Copy every line below that has the word "with" in it.

* **Dataset entries**

--

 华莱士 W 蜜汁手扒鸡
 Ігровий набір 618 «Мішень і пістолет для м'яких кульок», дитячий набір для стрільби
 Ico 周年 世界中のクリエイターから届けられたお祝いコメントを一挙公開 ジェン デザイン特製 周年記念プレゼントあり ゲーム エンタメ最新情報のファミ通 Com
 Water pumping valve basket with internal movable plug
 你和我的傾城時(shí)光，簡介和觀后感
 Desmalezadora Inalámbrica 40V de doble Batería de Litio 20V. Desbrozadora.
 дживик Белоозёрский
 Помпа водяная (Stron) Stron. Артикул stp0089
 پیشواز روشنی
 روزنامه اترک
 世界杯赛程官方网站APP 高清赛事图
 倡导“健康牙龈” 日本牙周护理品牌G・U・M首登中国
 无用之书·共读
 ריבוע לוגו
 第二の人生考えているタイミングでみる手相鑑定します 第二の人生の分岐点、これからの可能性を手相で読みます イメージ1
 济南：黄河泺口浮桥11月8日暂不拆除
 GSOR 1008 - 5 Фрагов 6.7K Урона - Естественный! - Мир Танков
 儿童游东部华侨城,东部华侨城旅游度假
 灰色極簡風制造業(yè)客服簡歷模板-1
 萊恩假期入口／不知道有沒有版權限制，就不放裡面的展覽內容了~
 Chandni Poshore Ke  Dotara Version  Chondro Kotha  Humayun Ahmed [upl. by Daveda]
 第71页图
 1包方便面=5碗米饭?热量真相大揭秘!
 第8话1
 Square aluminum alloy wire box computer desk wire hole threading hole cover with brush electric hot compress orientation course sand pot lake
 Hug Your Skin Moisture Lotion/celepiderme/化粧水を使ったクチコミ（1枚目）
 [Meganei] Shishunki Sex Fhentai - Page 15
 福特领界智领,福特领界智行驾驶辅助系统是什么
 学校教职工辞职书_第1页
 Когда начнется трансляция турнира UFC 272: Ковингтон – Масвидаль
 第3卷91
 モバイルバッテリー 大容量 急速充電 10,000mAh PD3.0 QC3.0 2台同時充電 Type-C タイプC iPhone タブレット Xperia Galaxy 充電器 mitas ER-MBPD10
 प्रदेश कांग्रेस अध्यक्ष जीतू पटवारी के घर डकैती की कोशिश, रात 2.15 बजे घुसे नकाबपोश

--

* **Task response**
 Water pumping valve basket with internal movable plug
 Square aluminum alloy wire box computer desk wire hole threading hole cover with brush electric hot compress orientation course sand pot lake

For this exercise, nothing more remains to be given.